Neddo’s craftsmanship harkens back to the days when the quality of a person’s work was their only advertisement and this book is impressive! He presents techniques in an approachable way with plenty for both the novice and seasoned artist.
I highly recommend this book! Clear and concise, it has a place in every art studio, every home, every school, and every summer camp. Clear, concise and easy to follow makes this book a pleasure to both use as a how-to book and read through for pleasure.”
– Michael Pewtherer, Author and Wilderness Skills Instructor
As a passionate student and teacher of earth living skills for the past 25 years, I have often given young students the advice to follow their passion and to write, and to add to our ‘field’ of skills and study. Often, I am met with puzzled looks, and a hesitancy, followed by resistance to my ideas.
‘It’s been done’, they say. ‘There are already so many good field guides, and skills books, and nature guides and plant books.’
‘No,’ I tell them. ‘There’s plenty of room for you, too. Just do it, and see what happens. I promise, good things will happen.’
Most of them head off to do their own good things, but few have taken me up on my suggestion.
While I didn’t have the privilege of sharing that advice with him, Nick Neddo, didn’t turn away from the challenge and we are all the richer for it.
His landmark contribution, The Organic Artist, is your Rosetta Stone, if you will, and will unlock your creativity, whether you are an artist or an earth living skills student or instructor.

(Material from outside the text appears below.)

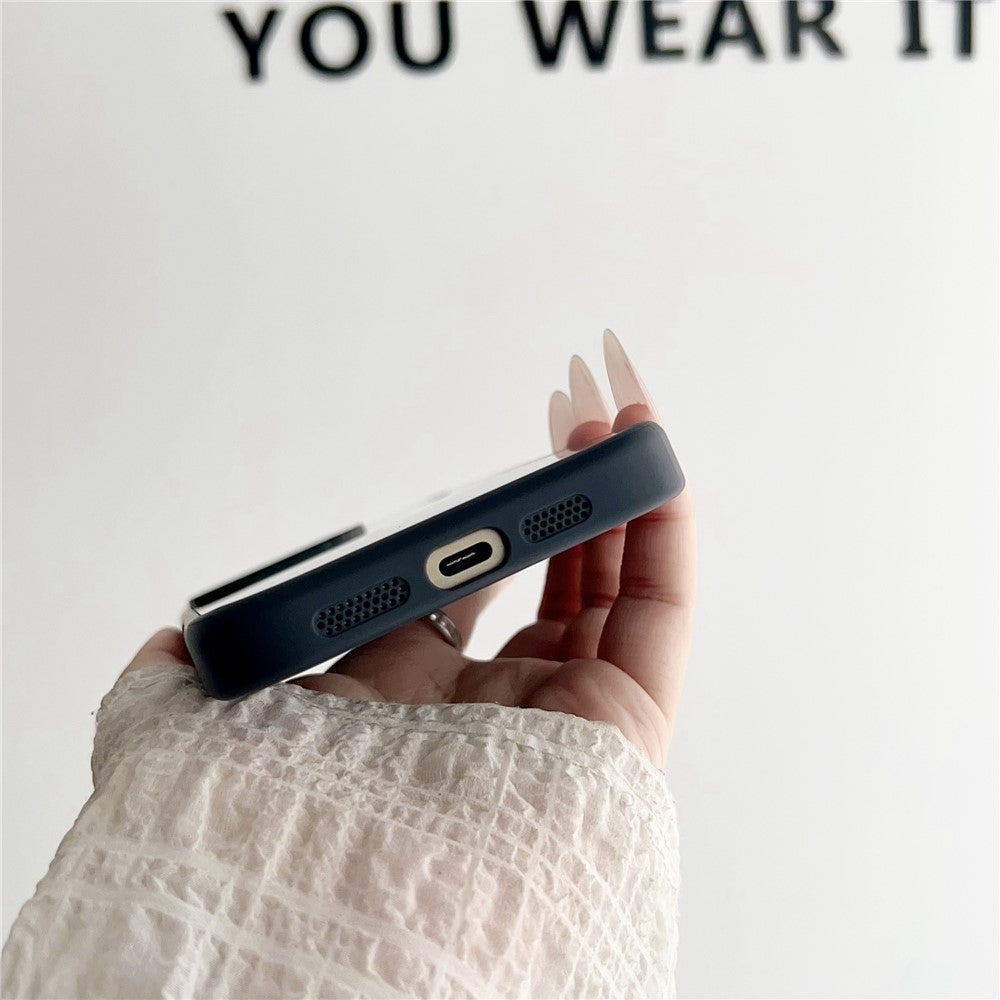 MagSafe-etui til Apple iPhone 15 Pro Max, OEM, Rund Skærm Smart E-Ink, Sort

Seriously. This is it. Your Golden Ticket, to a whole new world and relationship to the wild around you. It opens the doors to a level of exploration that most people haven’t even tried to pass through, because they ‘didn’t know how’ to make their own paints, inks, paper, or pigments. Until now, that’s been a valid point.
It’s a how-to book, through and through, but it’s more than that. It’s a showcase of Nick’s art, made from oak ink, or grapevine charcoal, or beeswax crayons and hand made paper.

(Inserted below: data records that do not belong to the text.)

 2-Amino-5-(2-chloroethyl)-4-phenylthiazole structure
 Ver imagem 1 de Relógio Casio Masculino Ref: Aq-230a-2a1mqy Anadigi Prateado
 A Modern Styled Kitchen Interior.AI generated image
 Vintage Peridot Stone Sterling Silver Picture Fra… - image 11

Every flip of the page of this fine volume had me saying out loud “Oh, no, he didn’t!” with a huge smile on my face. My glee turned to awe as I realized the depth of his artistic abilities, and the true nature of knowledge he is giving us all.

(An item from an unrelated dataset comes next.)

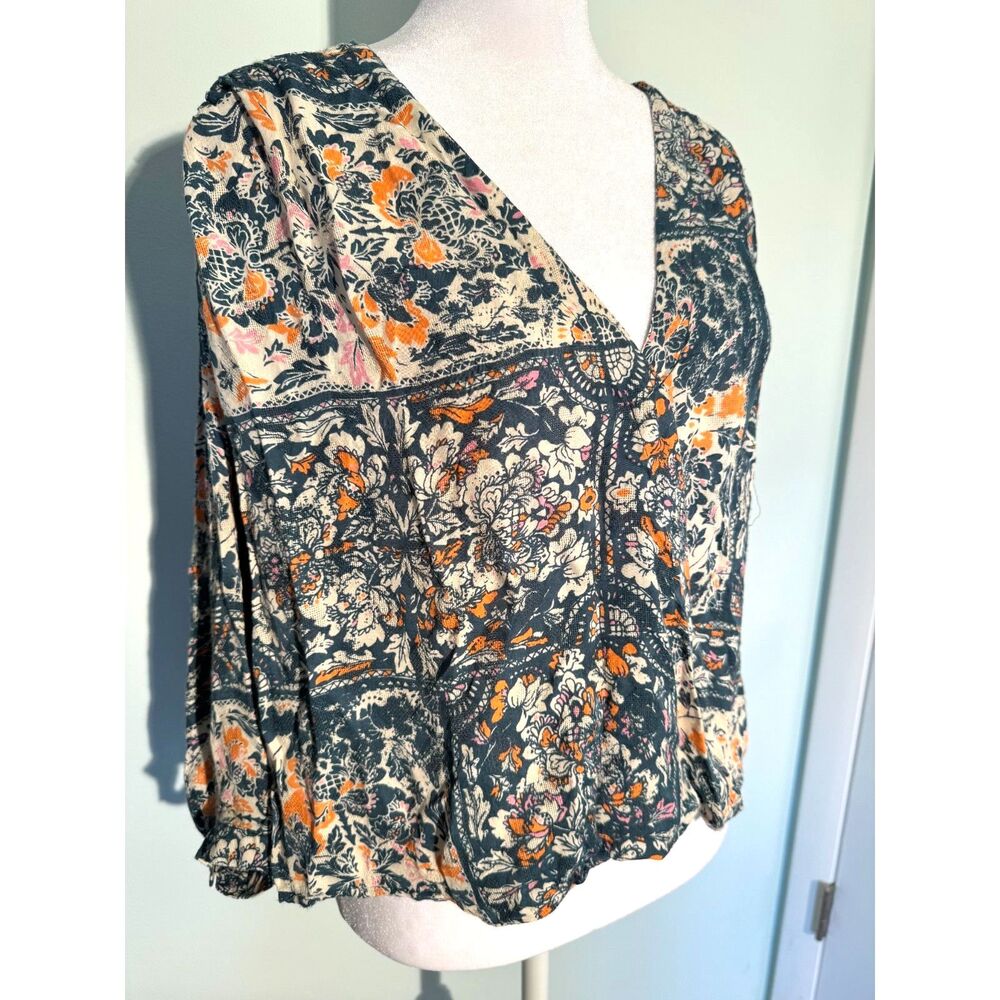 Anthropologie Maeve Gianna Floral Wrap Top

Each section is thoroughly detailed to provide a working knowledge, although there are probably some readers who might have a steeper learning curve than others depending on their familiarity with the different mediums he shares.
However, if your desire is strong and your inspiration is deep, I know you will find a way to be successful in the making of your own, wild art supplies, and at the same time, find a powerful connection to our beautiful, amazing planet.
Kudos to you, Nick Neddo, on opening the door to a new world for thousands of people. Thank you for this gift and labor of love. We are in your debt!